I have visited the Ligurian region a few times, staying in Camogli, Santa Margherita, and Cinque Terre. I wanted to return to Liguria again and visit a different area. I decided on Lerici after reading so many wonderful things about Lerici on the Slow Travel board and after remembering a friend's comments about how she loved Lerici.

Lerici is a resort town located on the southern part of the Ligurian Coast also known as the Italian Riviera. It is nicknamed the Bay of Poets because Byron, Shelley and Keats all hung out here. Although Lerici cannot be reached by train, it can be reached by local bus or taxi from La Spezia. I made a reservation at the Doria Park Hotel. This will be my "splurge" hotel as I reserved a deluxe room with balcony and sea view.

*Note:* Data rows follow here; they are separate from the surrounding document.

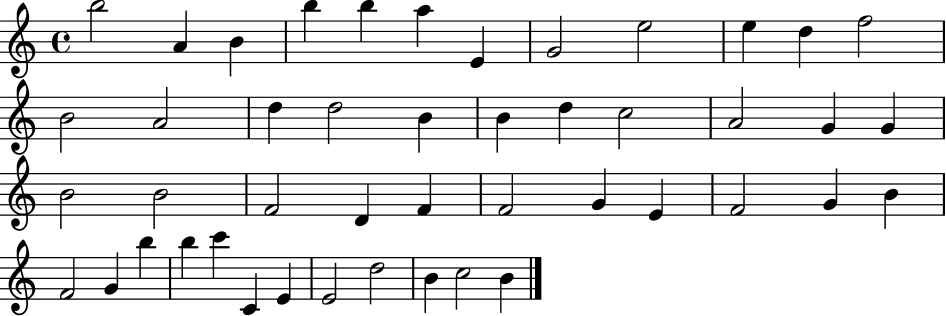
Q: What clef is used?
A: treble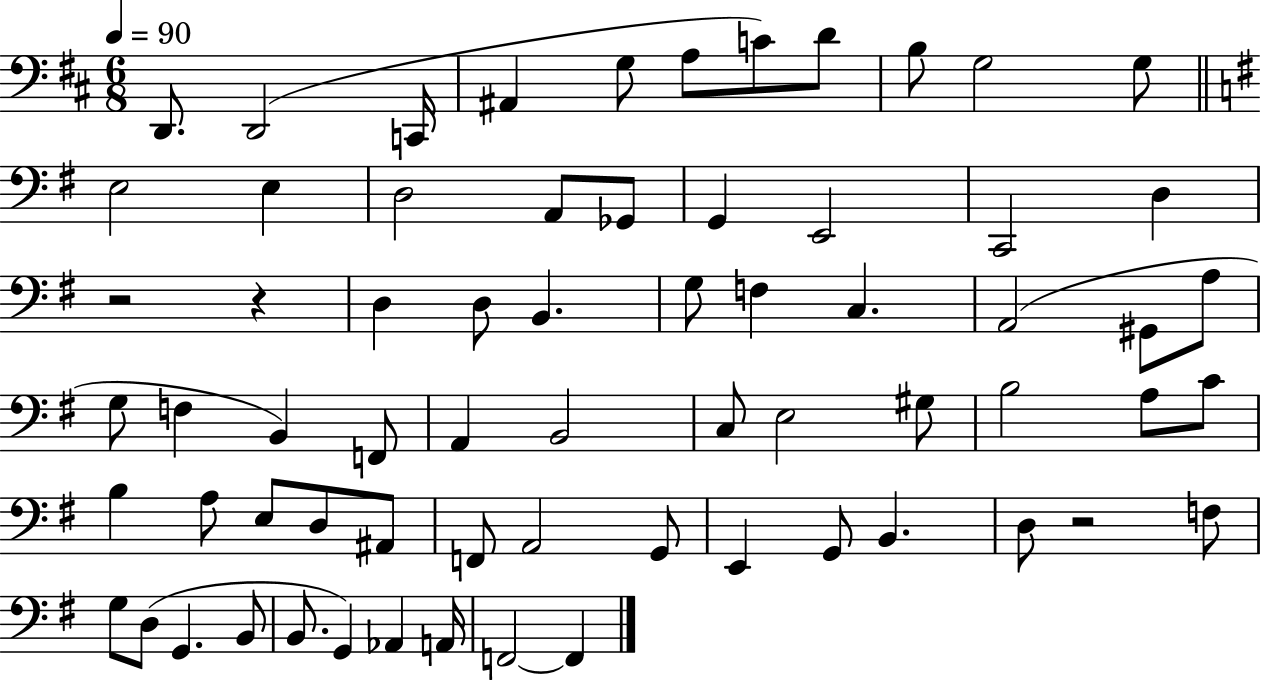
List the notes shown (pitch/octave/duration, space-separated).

D2/e. D2/h C2/s A#2/q G3/e A3/e C4/e D4/e B3/e G3/h G3/e E3/h E3/q D3/h A2/e Gb2/e G2/q E2/h C2/h D3/q R/h R/q D3/q D3/e B2/q. G3/e F3/q C3/q. A2/h G#2/e A3/e G3/e F3/q B2/q F2/e A2/q B2/h C3/e E3/h G#3/e B3/h A3/e C4/e B3/q A3/e E3/e D3/e A#2/e F2/e A2/h G2/e E2/q G2/e B2/q. D3/e R/h F3/e G3/e D3/e G2/q. B2/e B2/e. G2/q Ab2/q A2/s F2/h F2/q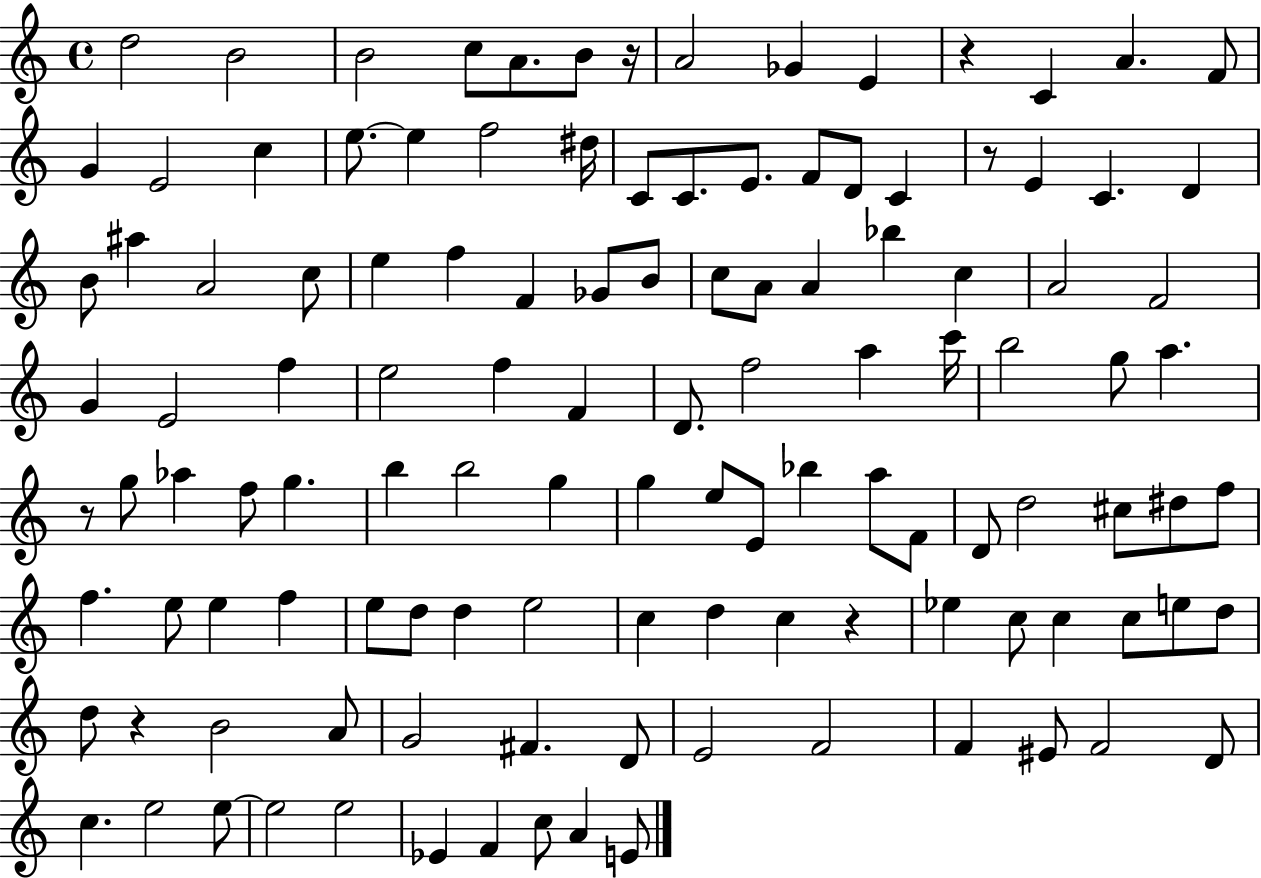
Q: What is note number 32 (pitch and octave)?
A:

I will end my trip in Piemonte. First stop is Saluzzo. This will be my longest train ride as there are not any direct connections from Genova to Saluzzo. I will actually change trains in Torino on the way there! A friend told me about his trip last year to this area, which was one of the deciding factors in choosing Saluzzo as my first base in Piemonte.

After four nights in Saluzzo, I end my trip in Torino for my last five nights in Italy before heading to the airport hotel. I decided to go to Torino after reading about the Olympic preparations, reading articles about Torino, and then watching the Olympics.

Piemonte and Torino are beginning to be more popular destinations and I wanted to make sure to get to this area while it is still relatively unknown.